Tripoli (Libia), 5 mag. (LaPresse/AP) - Il Congresso generale nazionale, il Parlamento della Libia, ha approvato a larga maggioranza una legge che impedisce agli ufficiali che avevano incarichi durante il regime di Muammar Gheddafi di occupare posizioni di governo. Il provvedimento, soprannominato 'Legge per l'isolamento politico' e di cui non si conoscono ancora i dettagli, rischia di far cadere molti degli attuali leader libici che servirono sotto il governo Gheddafi decenni fa, nonostante il ruolo avuto nella rivolta del 2011 che terminò con il rovesciamento e la morte del raìs.

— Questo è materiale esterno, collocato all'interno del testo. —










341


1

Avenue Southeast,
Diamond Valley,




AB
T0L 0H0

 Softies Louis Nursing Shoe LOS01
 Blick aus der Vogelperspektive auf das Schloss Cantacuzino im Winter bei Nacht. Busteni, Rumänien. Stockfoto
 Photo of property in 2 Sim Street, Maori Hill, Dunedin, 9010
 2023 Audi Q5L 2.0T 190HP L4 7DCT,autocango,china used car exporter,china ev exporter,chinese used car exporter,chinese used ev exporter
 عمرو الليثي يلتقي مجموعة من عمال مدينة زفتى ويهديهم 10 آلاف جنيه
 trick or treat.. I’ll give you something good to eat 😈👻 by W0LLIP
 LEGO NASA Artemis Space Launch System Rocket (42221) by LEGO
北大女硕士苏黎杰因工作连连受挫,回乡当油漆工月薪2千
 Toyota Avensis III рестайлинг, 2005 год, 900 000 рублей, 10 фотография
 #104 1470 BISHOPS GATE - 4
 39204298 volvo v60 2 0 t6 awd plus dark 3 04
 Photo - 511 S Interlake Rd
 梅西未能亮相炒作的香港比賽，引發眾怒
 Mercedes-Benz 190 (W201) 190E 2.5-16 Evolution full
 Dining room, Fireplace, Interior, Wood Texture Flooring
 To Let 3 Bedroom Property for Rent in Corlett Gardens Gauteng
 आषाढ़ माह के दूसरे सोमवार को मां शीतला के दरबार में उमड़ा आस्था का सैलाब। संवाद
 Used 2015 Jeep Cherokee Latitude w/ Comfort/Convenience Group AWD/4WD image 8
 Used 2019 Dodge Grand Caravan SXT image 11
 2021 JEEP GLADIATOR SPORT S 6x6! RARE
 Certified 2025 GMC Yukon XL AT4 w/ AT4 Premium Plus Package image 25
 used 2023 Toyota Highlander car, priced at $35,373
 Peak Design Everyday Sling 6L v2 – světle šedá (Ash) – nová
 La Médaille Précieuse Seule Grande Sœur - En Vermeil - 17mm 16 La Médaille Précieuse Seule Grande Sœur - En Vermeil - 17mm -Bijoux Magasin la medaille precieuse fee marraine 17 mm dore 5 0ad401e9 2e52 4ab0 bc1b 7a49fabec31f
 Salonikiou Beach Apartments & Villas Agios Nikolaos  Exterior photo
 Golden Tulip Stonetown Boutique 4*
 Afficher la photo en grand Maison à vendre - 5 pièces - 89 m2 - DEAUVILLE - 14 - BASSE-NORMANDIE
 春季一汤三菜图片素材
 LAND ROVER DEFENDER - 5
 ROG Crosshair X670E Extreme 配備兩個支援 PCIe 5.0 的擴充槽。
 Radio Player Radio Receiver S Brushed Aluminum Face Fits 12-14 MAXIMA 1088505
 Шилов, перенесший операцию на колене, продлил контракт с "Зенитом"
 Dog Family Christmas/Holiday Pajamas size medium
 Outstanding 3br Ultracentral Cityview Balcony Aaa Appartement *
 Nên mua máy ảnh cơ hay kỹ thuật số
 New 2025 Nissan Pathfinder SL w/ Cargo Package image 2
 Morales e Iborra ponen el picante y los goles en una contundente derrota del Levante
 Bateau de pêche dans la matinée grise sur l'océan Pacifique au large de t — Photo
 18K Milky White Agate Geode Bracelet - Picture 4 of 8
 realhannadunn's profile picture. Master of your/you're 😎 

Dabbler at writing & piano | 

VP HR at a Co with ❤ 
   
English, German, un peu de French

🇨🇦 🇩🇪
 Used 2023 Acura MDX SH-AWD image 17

Un portavoce del Congresso nazionale fa sapere che ora verrà formata una commissione per valutare chi sarà colpito dalla legge. Assente al voto il presidente dello stesso Congresso, Mohammed al-Megarif, che potrebbe venire colpito. Tra le possibili vittime a livello politico della legge anche il primo ministro Ali Zidan, che lavorò come diplomatico sotto Gheddafi, oltre a diversi ambasciatori, capi di agenzia governative e gli stessi deputati.

La legge è stata motivo di controversie per mesi. Le milizie hanno fatto pressione assediando gli edifici del governo affinché il Parlamento adottasse una versione estesa del provvedimento. Ma i gruppi per i diritti umani, tra cui anche Human Rights Watch, sostengono che essa abbia un testo troppo vago e contraddica i principi chiave della Costituzione provvisoria in vigore in Libia.